Glücklicherweise lernte ich eine Frau kennen, die auf der VHS in Ludwigshafen Sprachkurse für italienische Mitbürger gab. Sie machte kurzerhand eine Art Crashkurses mit mir, d. h. Touristenitalienisch, es war ein Erfolg. Nun meinte ich, ich wäre bereit nach Italien zu gehen.

Urlaubsbericht:
Ich hatte gehört, dass es in der Nähe von Rom einen ähnlichen Urlaubsort wie "Mar y Sol auf Teneriffa" geben sollte. Mit der Suchmaschine "Google" fand ich das "Ferienzentrum Salvatore Avagliano". 

Nachdem die Anlage mit der zugehörigen Information sehr ansprechend war (im Preis inkl. Personenlifter, Toilettenstuhl und Abholung vom Flughafen) und zudem die Zimmerpreise zu akzeptieren waren, versuchte ich über das Internet einen günstigen Flugpreis für meine Begleitperson und mich zu buchen.

Unter www.billiger-reisen.de fand ich auch einen günstigen Flug, bei der auch ein Service für Schwangere, Behinderte und speziell Rollstuhlfahrern angeboten wurde. 

German Wings, eine Tochter der Lufthansa, bot günstige Flüge innerhalb Europa an. Der Chef meines Pflegedienstes war bereit, mich auch dieses Mal zu begleiten. Der angepeilte Termin (nach dem 13. September, dem Geburtstag meines Vaters) ging in Ordnung und ich freute mich die nächsten sechs Monate auf meinen Urlaub. 

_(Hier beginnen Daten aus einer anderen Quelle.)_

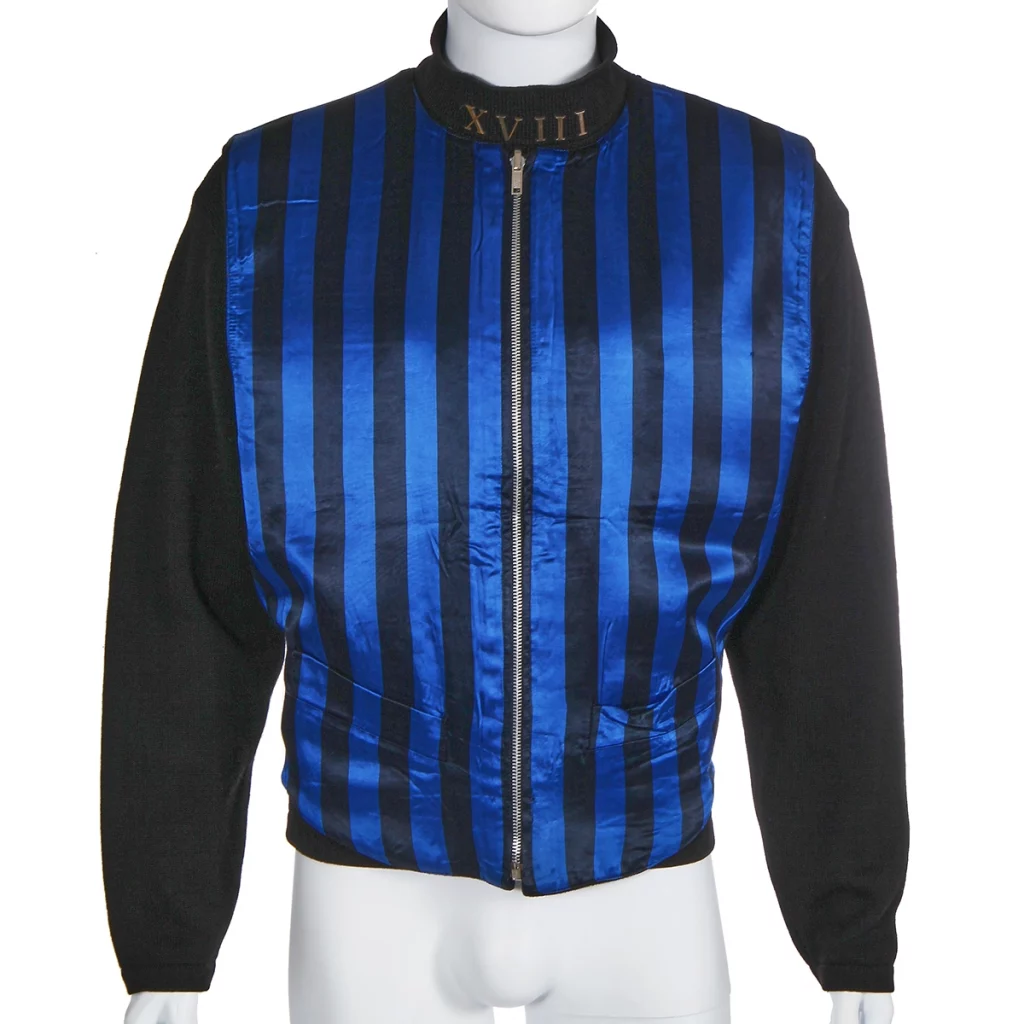 Black and blue vertically striped waistcoat on a mannequin.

Am 18. September war es dann so weit, der Flug ab Stuttgart war ab 15.55 Uhr, mein Begleiter kam um 10 Uhr, zwei Stunden Fahrt und ab ins Parkhaus.  
(Anm.: Parkhaus am Terminal Vorsicht: Wochenpreis und Entfernung zum Abflugterminal beachten).

Die Flugtickets gab's dann erst am Schalter (Personalausweis), die obligatorische Personen- und Gepäckkontrolle verlief anstandslos. Dann ging es ins Flugzeug. Vor den anderen Passagieren wurde ich abgeholt und als erster (nach dem Flugpersonal) ins Flugzeug getragen. Weitere zwei Stunden später landeten wir in Rom auf dem Flughafen Leonardo da Vinci (Fiumicino Airport). 

Dort musste ich als Rollstuhlpassagier natürlich warten, bis alle anderen Fluggäste das Flugzeug verlassen hatten. 10 Minuten später  kamen dann zwei italienische Sanitäter (nicht sehr kräftig) ins Flugzeug und hoben mich ächzend (ich bin nicht zu schwer, nur zu klein für mein Gewicht) aus dem Sitz und trugen mich zur Kabinentür, an der mich ein Hubwagen erwartete und aus dem Flugzeug holte.

Am Zielterminal sollten wir dann von einem Fahrer des Ferienzentrums abgeholt werden. Eine deutsche Rollstuhlfahrerin sagte, sie habe einen solchen Fahrer gesehen  und deutete auf einen braungebrannten, blonden, langhaarigen Mann vor der Eingangstür. Ich glaubte meine, in mühsamer Kleinarbeit (siehe oben) angeeigneten, Italienischkenntnisse zusammen, wurde aber gleich in perfekten Hochdeutsch gefragt, ob  wir die beiden Deutschen wären, die ins Ferienzentrum Avagliano wollten. 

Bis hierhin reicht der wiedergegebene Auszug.